Kochi-Muziris Biennale is free from management worries: KBF Chairperson
KMB-6 can mark a paradigm shift for future editions, says Dr Venu V
Kochi / December 8, 2025
Kochi, Dec 8: A recent clean-up of the account books and prudent recruitment of senior hands have lent the upcoming edition of Kochi-Muziris Biennale (KMB) an organisational sturdiness of lasting value, according to Kochi Biennale Foundation (KBF) Chairperson Dr Venu V.
The newly-streamlined management structure can provide long-term solutions to a lingering dearth of finances that tended to strain the reputation of the once-in-two-years cultural extravaganza in Kerala’s commercial capital, he said ahead of the sixth edition of biennale starting on December 12.
The 110-day event, held by the KBF, will run till March 31, 2026.
A year ahead of KMB-6, the Foundation began fixing issues related to basic management, recalled Dr Venu, who took up as the KBF Chairperson in September 2024, a month after retiring as Chief Secretary to the Government of Kerala.
“We hired top professionals to fill in the much-required posts starting from CXOs. This augmented our prime mission of establishing SOPs (standard operating procedures) and adhering to professional accounting standards,” he said.
“Not that there were financial irregularities. It’s just that the KBF had no immaculate system capable of meeting the requirements for annual auditing,” said Dr Venu, who has been associated with the KMBs in various capacities from the debut edition in 2012.
“That way I did have a ‘vested interest’ in putting the whole machinery in order,” he said. “The previous biennale (KMB-5) could have been a better event, if the administrative and monetary issues hadn’t precipitated to the extent they did by then.”
Once the KBF verticals widened and revamped majorly in its first such exercise as a 2010-registered charitable trust, the Foundation amended its Trust Deed and brought clarity as well as responsibility to the authorities. The exercise also included cleaning up the finance and accounting practices. “It is sad and unacceptable that the foundation was leading a hand-to-mouth existence all through its five editions even as the biennale kept gaining a global reputation for its artistic merit,” said Dr Venu.
To him, the auditors, too, did a “fantastic” job. “Our restoring order also sent out a positive message to potential benefactors of the KBF. Their confidence effectively unclogged the system; funders and supporters began coming in a big way — particularly the Kerala government and TATA Trusts,” Dr Venu said.
The upcoming edition will feature 22 venues, which is the highest by far for KMB. The 2023 edition had a total of 14 venues. The KBF had no issues accepting this swell in the number, after KMB President Bose Krishnamachari and curator Nikhil Chopra were through with their painstaking preparatory explorations to choose the artists for the sixth edition.

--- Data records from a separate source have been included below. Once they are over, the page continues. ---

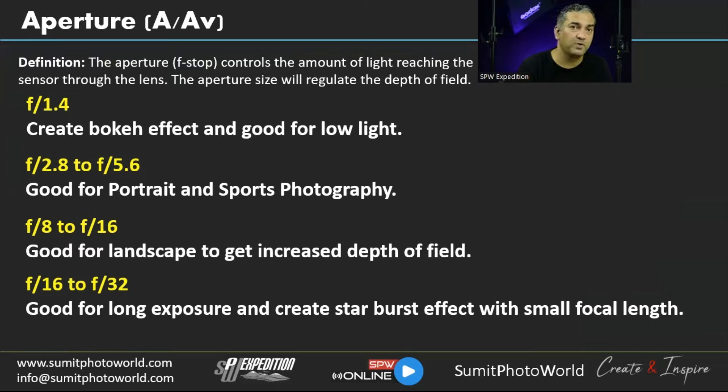Aperture controls the f-stop, which controls the amount of light reaching the sensor through the lens. Think of it as the eye of the lens — you can open it fully or restrict it to control how much light enters. The aperture size also regulates depth of field: a small f-number gives a shallow depth of field where everything in front and behind the subject is blurred; a large f-number keeps most things in focus.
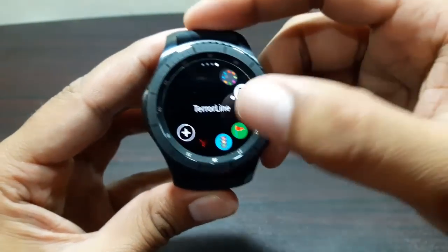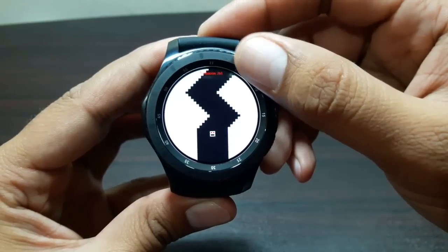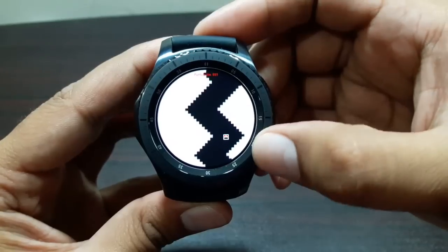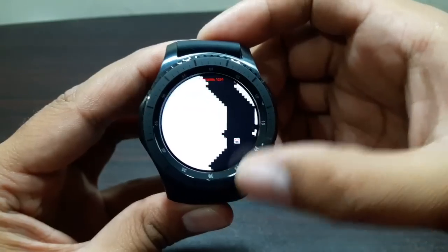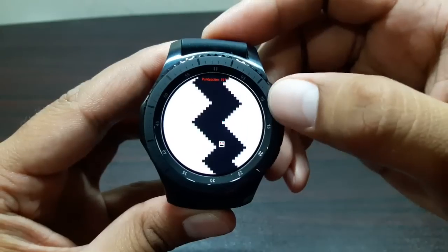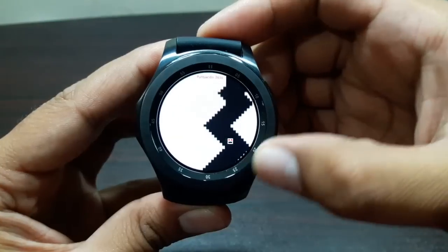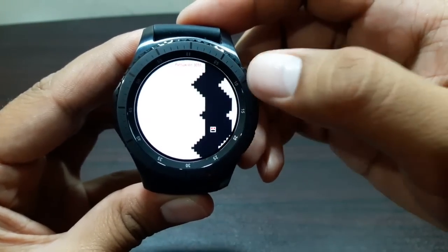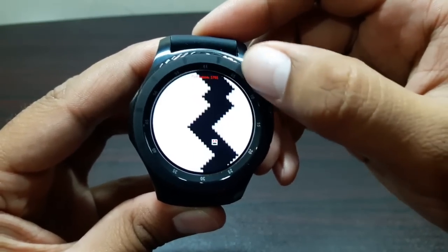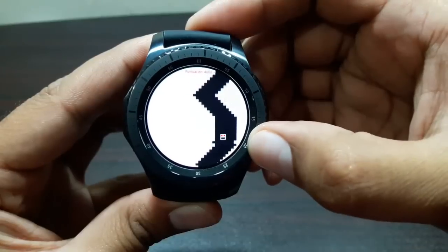The next game is Terror Line - pretty simple. You use the bezel to move your character around. There's a character and lines on screen, and you have to protect it from hitting the borderline. It's really fun and once you start playing you get really hooked - I kept playing for over half an hour. It's pretty simple but gets exciting, and once you get the hang of it you become quite expert at it.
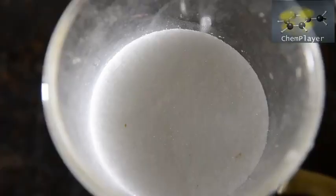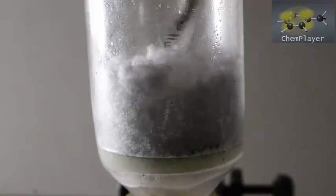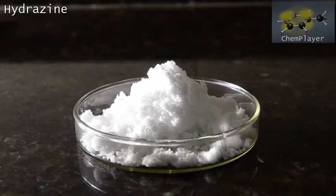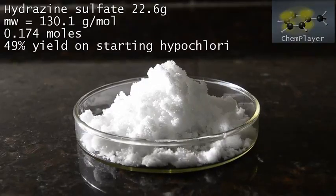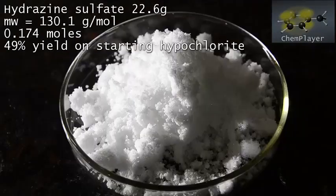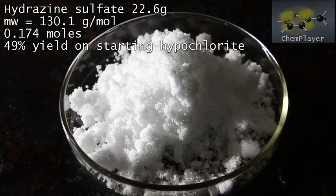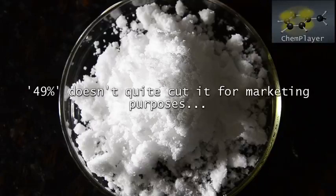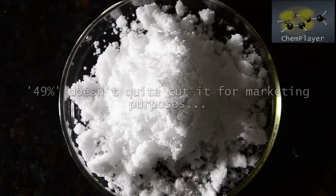Dry the product really thoroughly on the pump until it's light and fluffy. Here is our final product — 22.6 grams of hydrazine sulfate as pure white dry fluffy crystals. This is a yield of 49% on the starting hypochlorite, assuming the solution was at the strength written on the label. This is not bad at all, and the alternative ketazine process typically gives about the same sort of yield. But do know that the reaction we've shown you here is not forgiving when it comes to purity of reagents. We really wanted to claim a yield of over 50% for this method, and 49 doesn't quite cut it — but we do have a final trick up our sleeve.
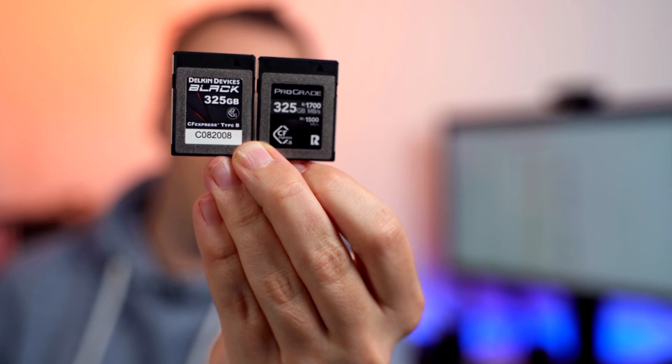Especially considering the fact that you can also buy a CFexpress memory card, which is about the same price per gigabyte as the Sony TOUGH-G or other very high-end UHS-II memory cards — but the performance is very different. These are two of the fastest cards in our test: the Delkin Black series and the ProGrade Cobalt series.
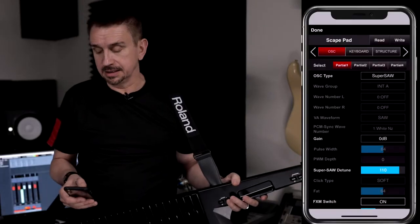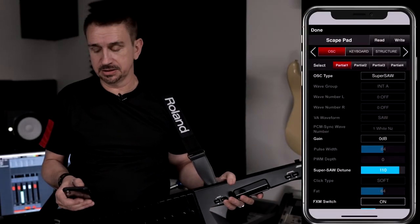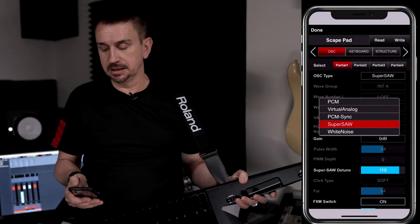Here, let me show you. I can select the different parts within the patch and also select the different oscillator types. There's a huge range to choose from, including a massive selection of PCM, Virtual Analog, PCM Sync, SuperSaw, as well as white noise. It also has a wide range of effects, including the classic CE-1 chorus and tape echo. You can apply a different effect to each part, as well as to the master effects section. This means I can create studio-quality sounds, save them to my favourites, and take them out on stage and play them live.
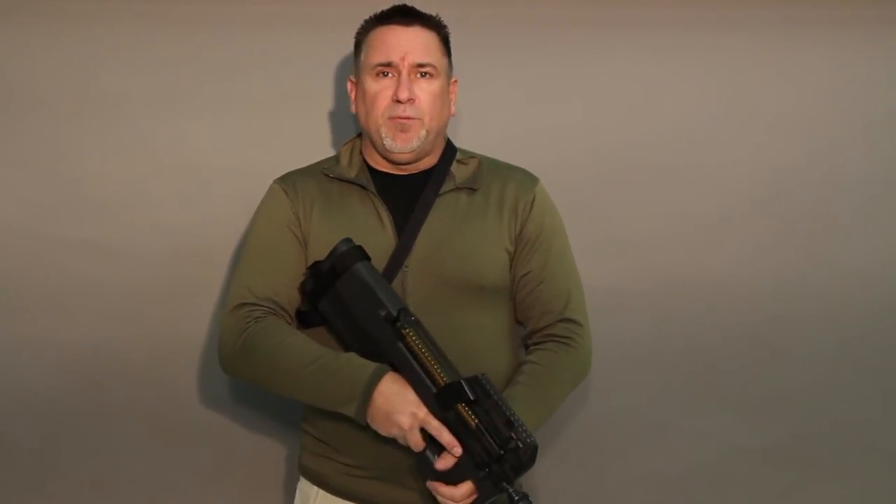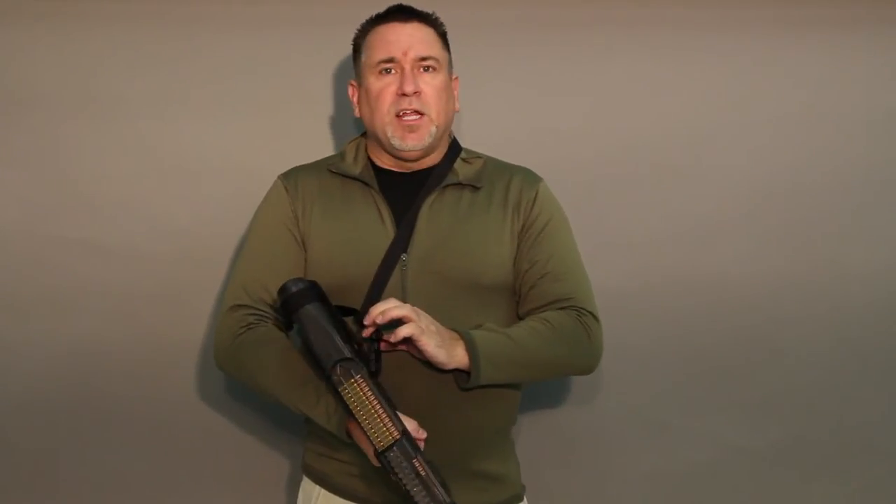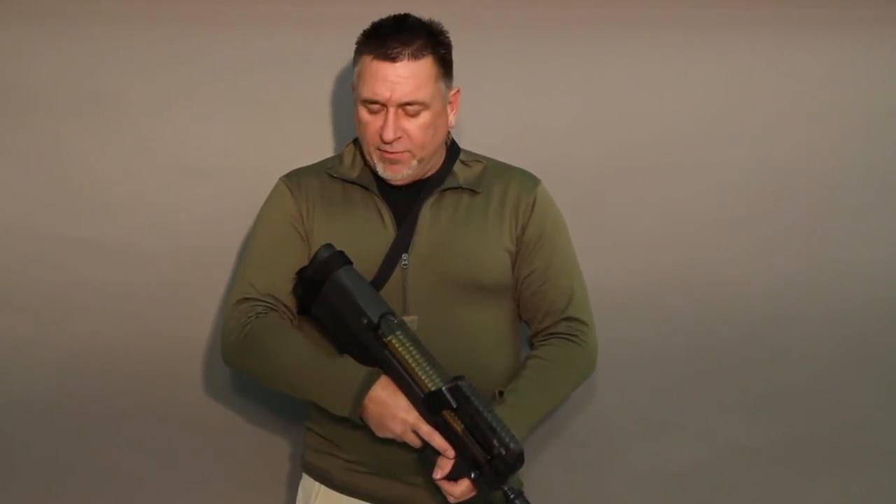Everything we do is made right here in the United States. You get a quality American-made product with a lifetime warranty. So if anything ever comes unstitched for any reason, just send it back and we'll fix or replace it for you and get it right back out.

The 22 venues, besides seven others hosting the collaterals, will mean a steep rise in the time for the visitor at KMB-6, pointed out Dr Venu. “A proper view will require no less than three days,” he said.
What’s more, unlike in the previous editions, this biennale has a decent share of its exhibits in venues beyond the massive Aspinwall House in Fort Kochi. Besides the customary Durbar Hall Gallery in downtown Ernakulam, KMB-6 has spread to a new venue: Willingdon Island, which has a creek dividing it from the mainland.
This, Dr Venu noted, will imply boating trips to complete the KMB-6 circuit. “It will be an added attraction, more so with the city’s brand-new Water Metro,” he said, citing the air-conditioned transport that connects various parts of the coastal city.
The KBF chief, who has had an impressive stint with Kerala Tourism, underlined the need to make the travel industry more aware of its business potential during the biennale season. “We are set to meet the stakeholders, including the Kerala Travel Mart, to highlight how imaginative packages catering to tourism around the biennale can be of symbiotic benefit. The hospitality industry, including homestays and resorts, too can have a good time,” Dr Venu added.